_Exercise_
The copy you give must match the listing below exactly and contain no pictures.

_Stored data_
......
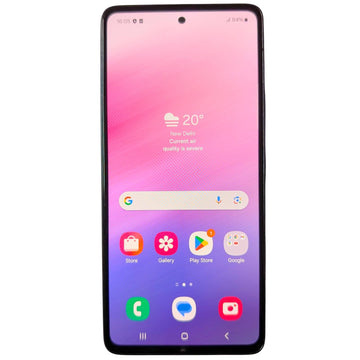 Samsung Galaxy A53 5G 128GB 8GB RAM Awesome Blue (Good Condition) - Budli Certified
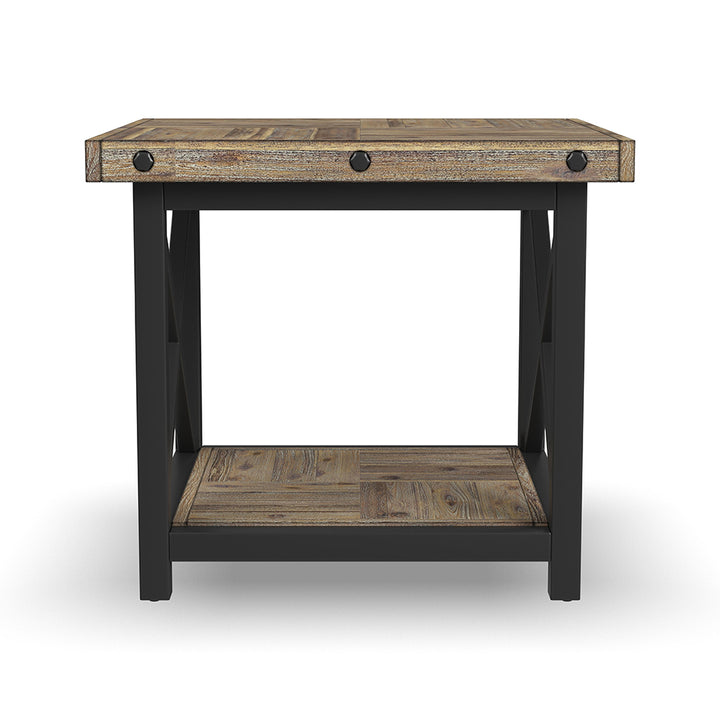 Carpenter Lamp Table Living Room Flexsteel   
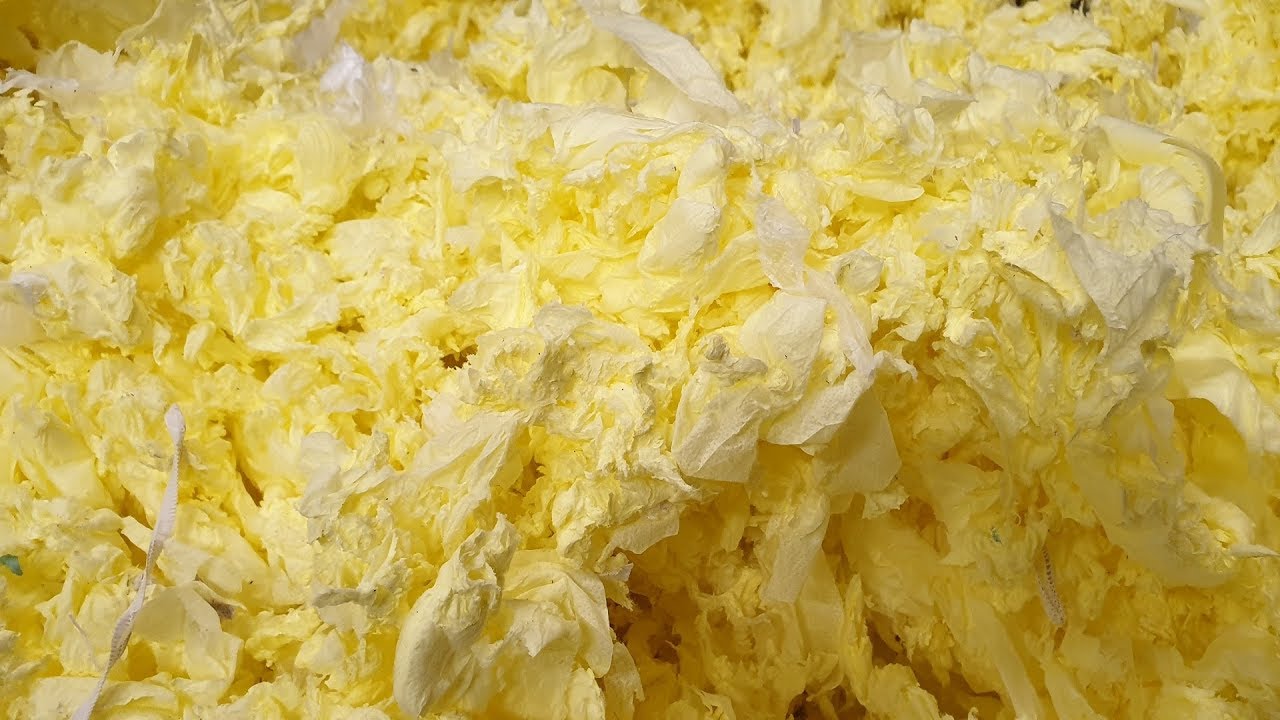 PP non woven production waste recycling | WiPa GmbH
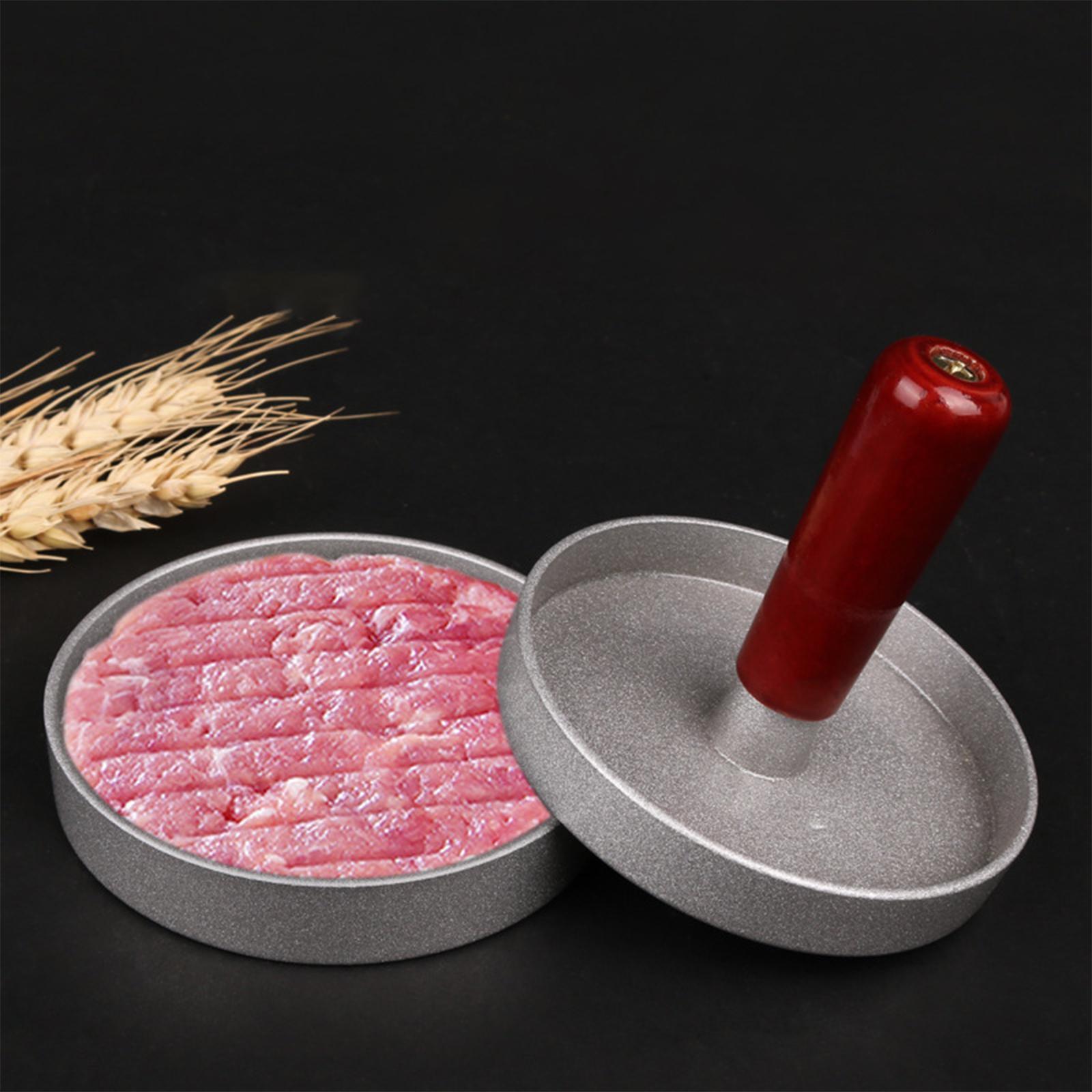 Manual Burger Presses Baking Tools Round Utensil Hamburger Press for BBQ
......
_Solution to the exercise_
 Samsung Galaxy A53 5G 128GB 8GB RAM Awesome Blue (Good Condition) - Budli Certified
 Carpenter Lamp Table Living Room Flexsteel   
 PP non woven production waste recycling | WiPa GmbH
 Manual Burger Presses Baking Tools Round Utensil Hamburger Press for BBQ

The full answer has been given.